In main.py, I handle image data like this:
elif mime_type.startswith("image"):
# Send image data (video frames)
decoded_data = base64.b64decode(data)
live_request_queue.send_realtime(Blob(data=decoded_data, mime_type=mime_type))
print(f"[CLIENT TO AGENT]: {mime_type}: {len(decoded_data)} bytes")
on app.js I added:
const startCamButton = document.getElementById('startCamButton')
startCamButton.addEventListener('click', async () => {
try {
startCamButton.disabled = true
startAudioButton.disabled = true
startAudio()
is_audio = true
connectWebsocket()
// Start video capture at fps FPS
await startVideoCapture(videoFrameHandler, fps)
} catch (error) {
console.error('Failed to start camera:', error)

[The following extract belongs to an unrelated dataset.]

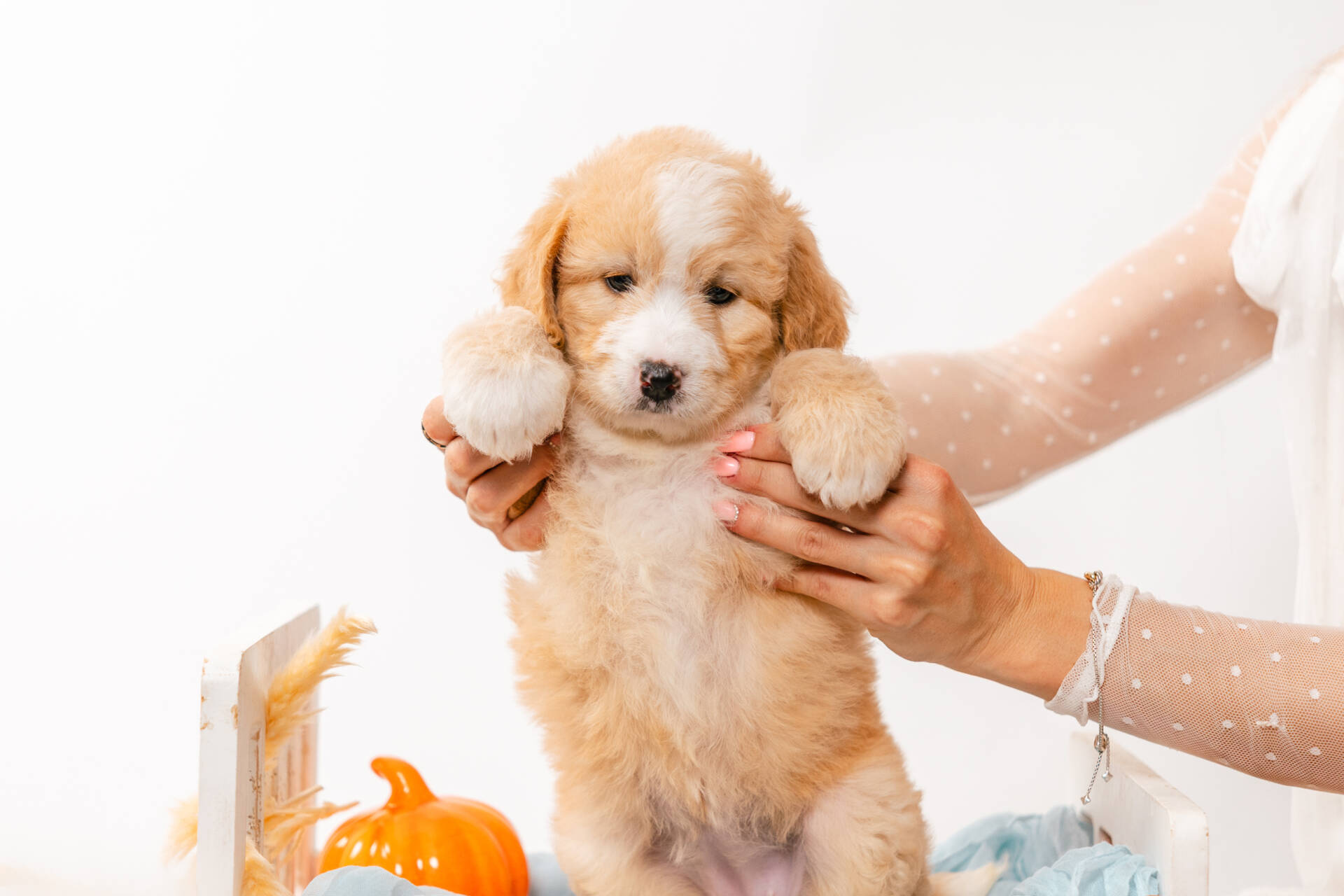 Flora - Mini F2 Girl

startCamButton.disabled = false
alert(
'Failed to access camera. Please make sure you have granted camera permissions.'
)
}
})
// Video frame handler
function videoFrameHandler(frameData) {
// Send the frame data as base64
sendMessage({
mime_type: 'image/jpeg',
data: arrayBufferToBase64(frameData),
})
console.log('[CLIENT TO AGENT] sent video frame: bytes')
}
To app.js.
With these additions, I don't get response to only image data. For example when I say tell me the number of fingers you see continuously, I only got response when I talk. I'd like to send webcam frames and get responses like "You are showing three fingers" without having to speak or type anything.